Haskell, The Hard Sell
Last week I talked about how we replaced a small C program with an equivalent piece of Haskell code. As much as I'd like to say that we deployed the code and there was much rejoicing and client side caching, the real story is a little more complicated than that. There were some really good questions that we had to consider:
How many maintainers at any given time know the language? The Scripts project is student-run, and has an unusually high turnover rate: any given maintainer is only guaranteed to be around for four to five years (maybe a little longer if they stick around town, but besides a few notable exceptions, most people move on after their time as a student). This means at any given point we have to worry about whether or not the sum knowledge of the active contributors is enough to cover all facets of the system, and facility in a language is critical to being able to administrate the component effectively (students we are, we frequently don both the sysadmin and developer hats). In a corporate setting, this is less prominent, but it still plays a factor: employees switch from one group to another and eventually people leave or retire. We have two current maintainers who are fairly fluent in Haskell. The long-term sustainability of this approach is uncertain, and hinges on our ability to attract prospective students who know or are interested in learning Haskell; in the worst case, people may crack open the code, say "what the fuck is this" and rewrite it in another language.

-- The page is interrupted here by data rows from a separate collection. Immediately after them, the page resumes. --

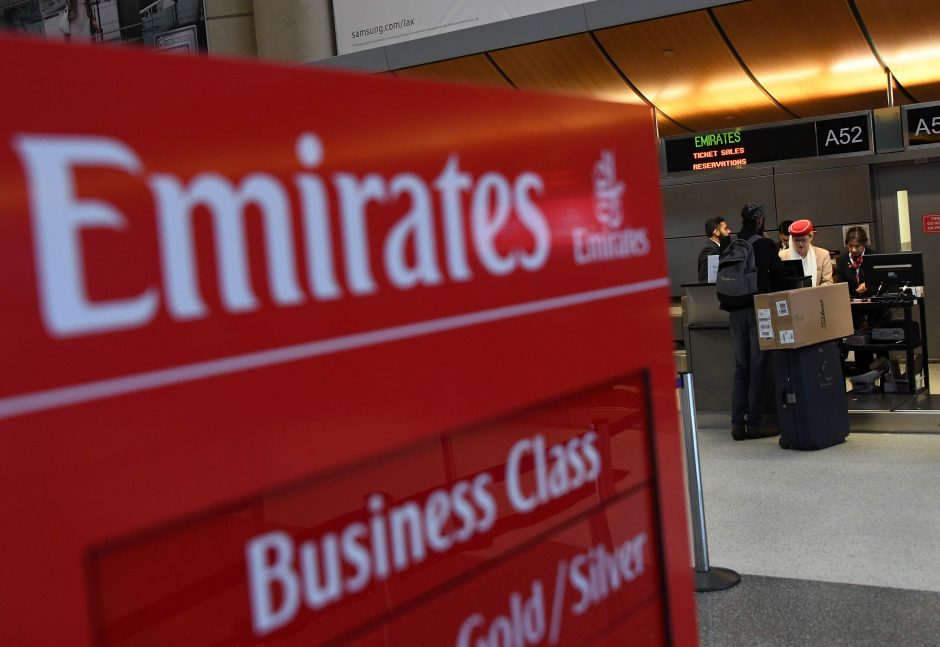 „Emirates“ pradėjo skolinti keleiviams planšetinius kompiuterius skrydžių į JAV metu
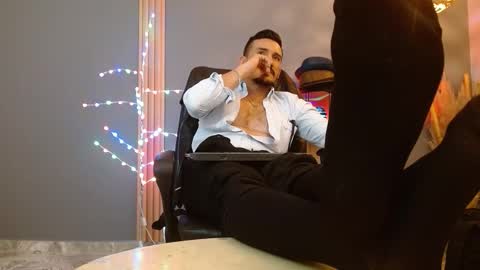   REIKO  online show from February 25, 8:01 pm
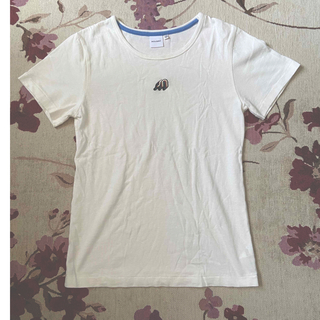 マウジー(moussy)の美品❤moussy 綿100％ ホワイト 刺繍入り Tシャツ(Tシャツ(半袖/袖なし))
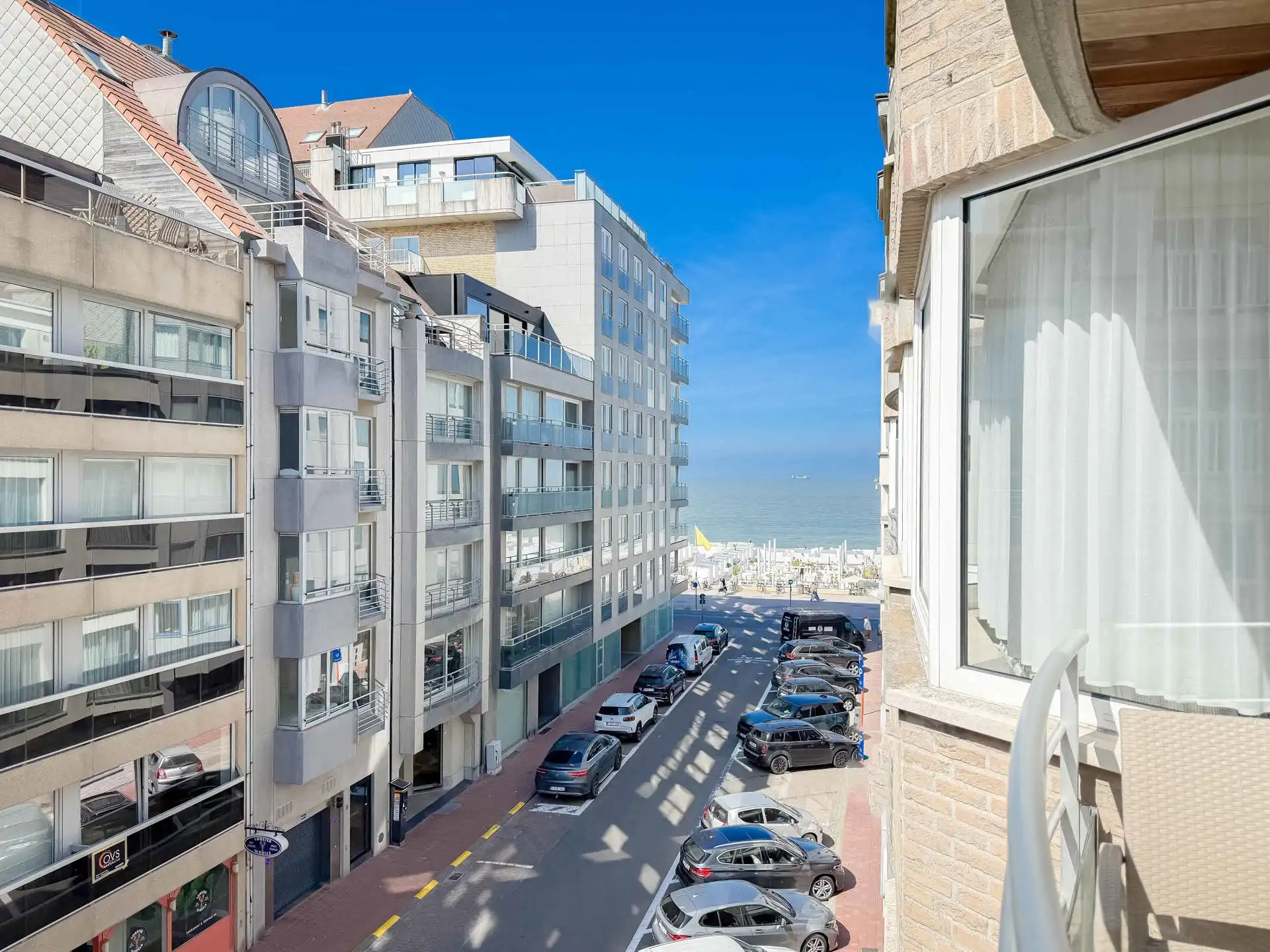 Appartement met ZEEZICHT, vlakbij het Driehoeksplein... foto 3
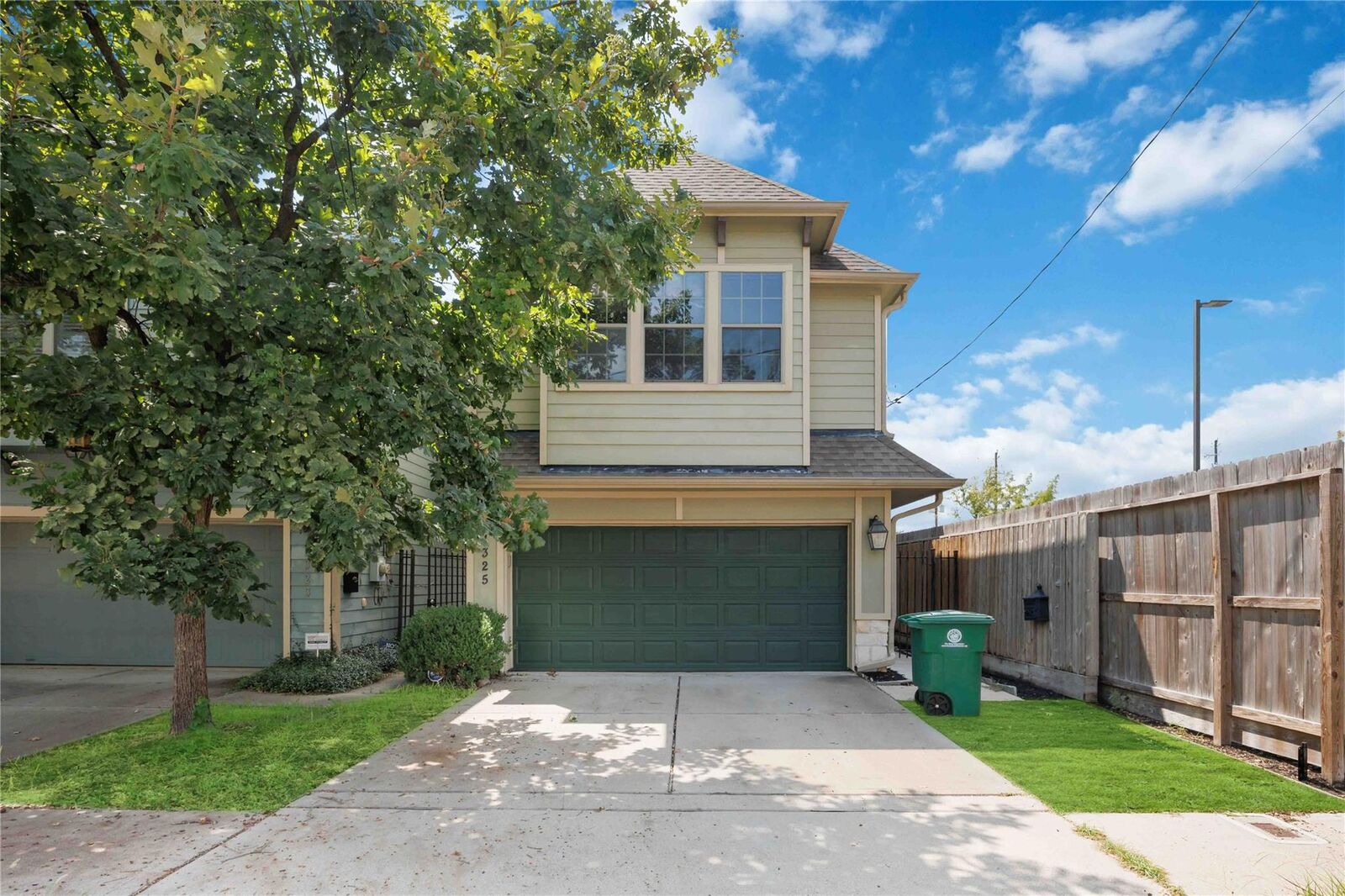 Property Photo: 1325 Dorothy Street TX 77008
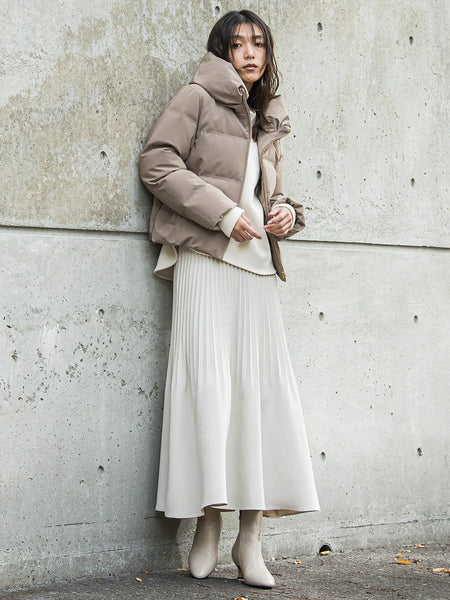 コンパクトシームレスダウンジャケット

How many maintainers at any given time feel comfortable hacking in the language? While superficially similar to the first point, it's actually quite different; posed differently, it's the difference between "can I write a full program in this language" and "can I effectively make changes to a program written in this language." At a certain level of fluency, a programmer picks up a special feat: the ability to look at any C/Fortran derived language and lift any knowledge they need about the syntax from the surrounding code. It's the difference between learning syntax, and learning a new programming paradigm. We may not be simultaneously Python/Perl/PHP/Java/Ruby/C experts, but the lessons in these languages carry over to one another, and many of us have working "hacker" knowledge in all of them. But Haskell is different: it's lineage is among that of Lisp, Miranda and ML, and the imperative knowledge simply does not translate. One hopes that it's still possible to tell what any given chunk of Haskell code does, but it's a strictly read-only capability.

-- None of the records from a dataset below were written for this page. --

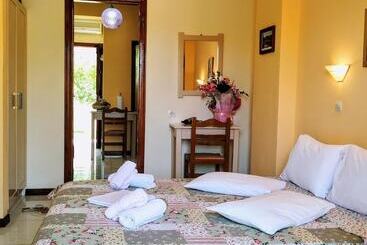 پانسیون Studios Filippos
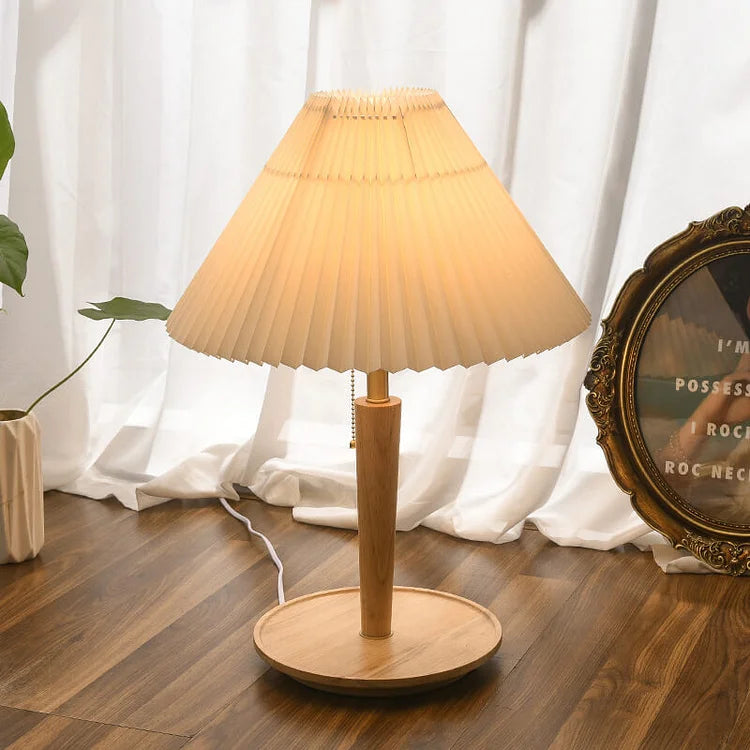 Vintage Pleated Wood Table Lamp – Timeless Elegance with a Warm Glow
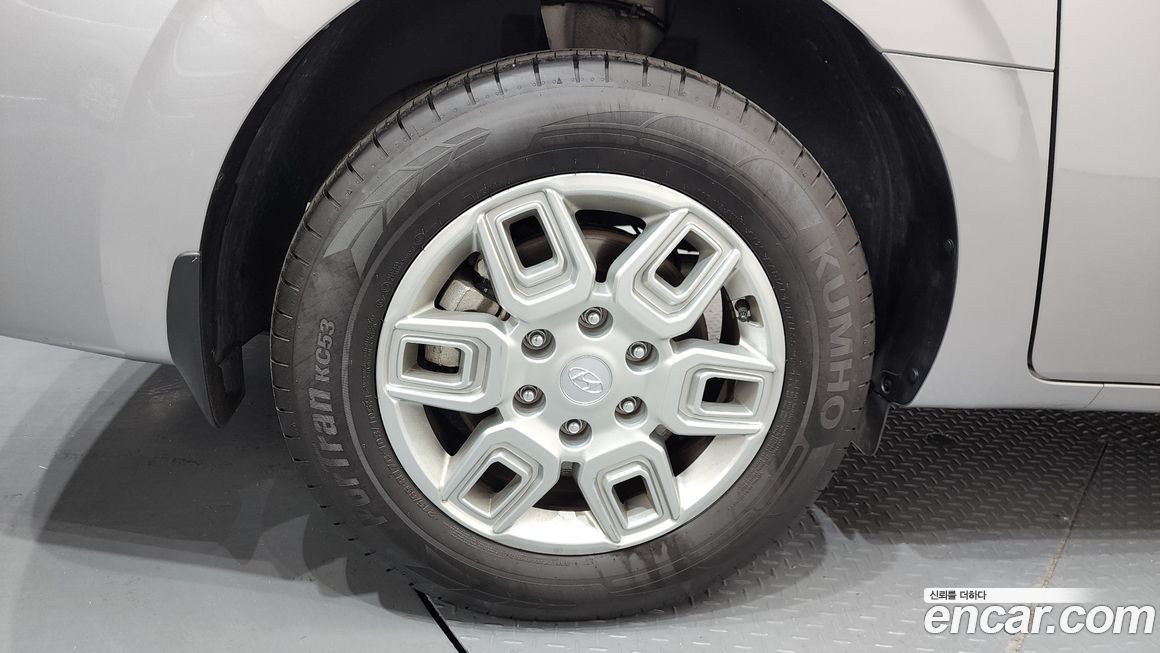 Hyundai Staria 2024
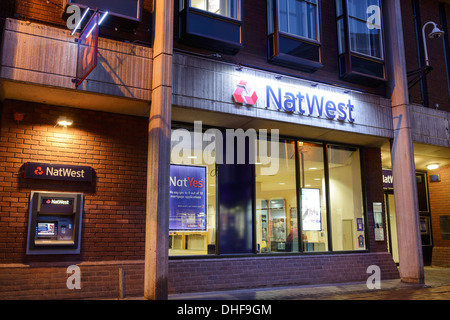 Natwest Bank e bancomat ATM illuminata di notte Foto Stock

Who else uses it? For one of the team members, migrating from Subversion to Git was a pretty hard sell, but at this point, minus the missing infrastructure for doing the migration properly, he's basically been convinced that this is the right way forward. One of the big reasons this was ok, though, was because they were able to list of projects (Linux, our kernel; AFS, our filesystem; Fedora, our distro) that they used regularly that also used Git. We can't say the same for Haskell: the "big" open-source high-visibility applications in Haskell are Xmonad and Darcs, of which many people have never used. As a student group, we have far more latitude to experiment with new technology, but lack of ubiquity means greater risk, and corporations are allergic to that kind of risk.

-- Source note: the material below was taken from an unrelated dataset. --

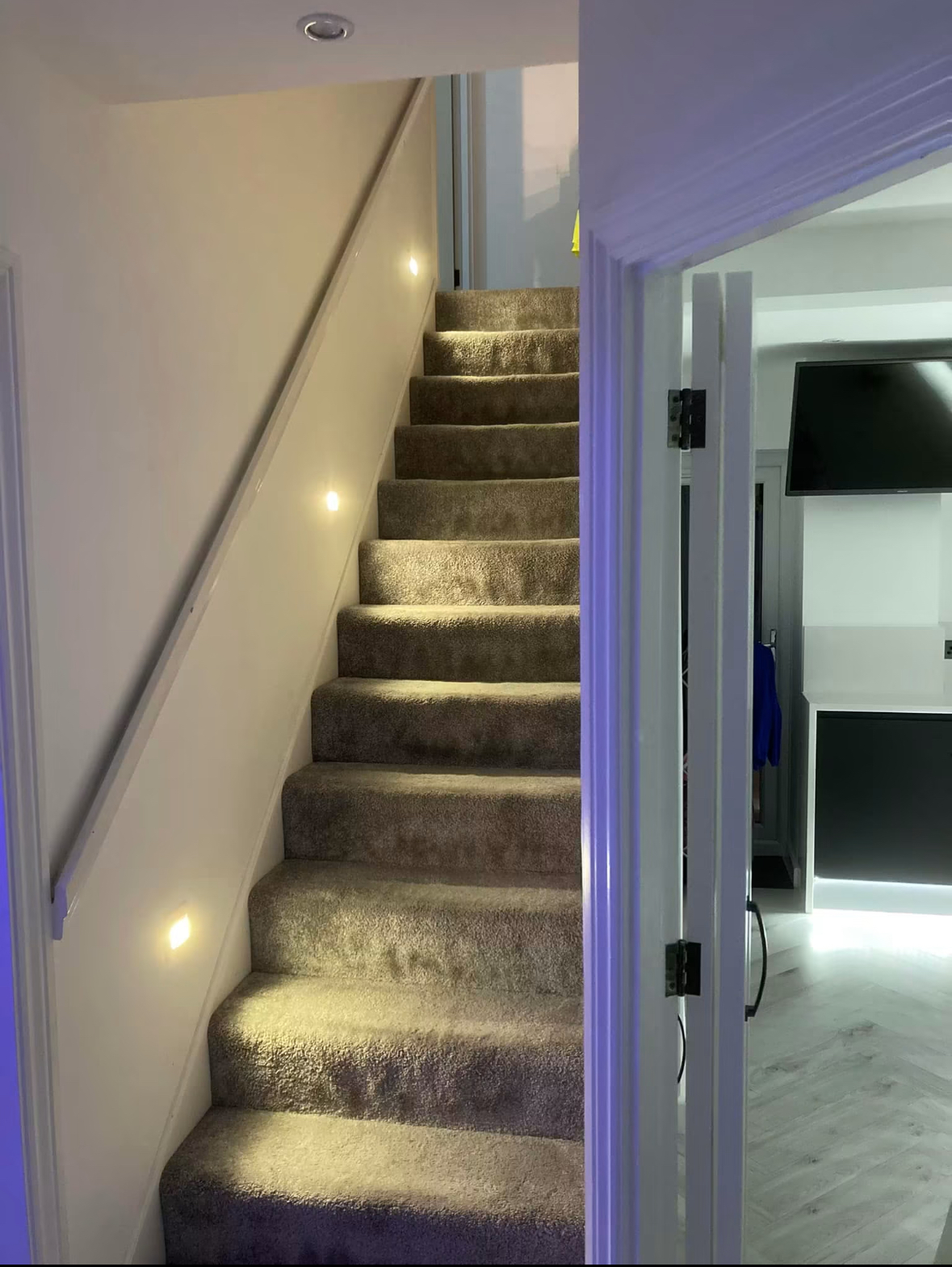 Staircase lighting installation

Is the ecosystem mature? Internally, we've given the Ruby maintainers and packagers a lot of flak for a terrible record at backwards compatibility (one instance left us unable to globally update our Rails instances because the code would automatically break the site if it detected a version mismatch). You see a little bit of the same in Haskell: static-cat doesn't actually build on a stock Fedora 11 server with the default packages installed, due to an old version of the cgi module that uses the Exception backwards compatibility wrapper and thus is incompatible with the rest of the exception handling code in the program. Further investigation reveals that the cgi module is not actually being actively maintained, and the Fedora cabal2spec script is buggy. I've personally had experiences of coming back to some Haskell code with up-to-date libraries from Hackage and finding that API drift has made my code not compile anymore. Cabal install refuses to upgrade all of your packages in one go.
There are many ways to work around this. A mitigating factor is that once you've compiled a Haskell program, you don't have to worry about package composition anymore. Workarounds include rewriting our code to be forwards and backwards compatible, doing stupid Fedora packaging tricks to make both versions of cgi live on our servers, convincing upstream that they really want to take the new version, or maintaining a separate system wide cabal install. But it's not ideal, and it makes people wonder.
I'm quite blessed to be working in an environment where the first point is really the point. Can we introduce Haskell into the codebase and expect to be able to maintain it in the long run? There'll always be C hackers on the team (or at least, there better be; some of our most important security properties are wrapped up in a patch to a kernel module), but will there always be Haskell hackers on the team? There's no way to really know the answer to the question.
I personally remain optimistic. It's an experiment, and you're not going to get any better chance to make this happen than in this environment. The presence of Haskell code may attract contributors to the project that may not have been originally drawn by the fact that, down beneath it all, we're a "gratis shared web hosting provider" for our community. Haskell seems singularly aligned to be the language to break into mainstream (sorry Simon!) And when was there ever any innovation without a little risk?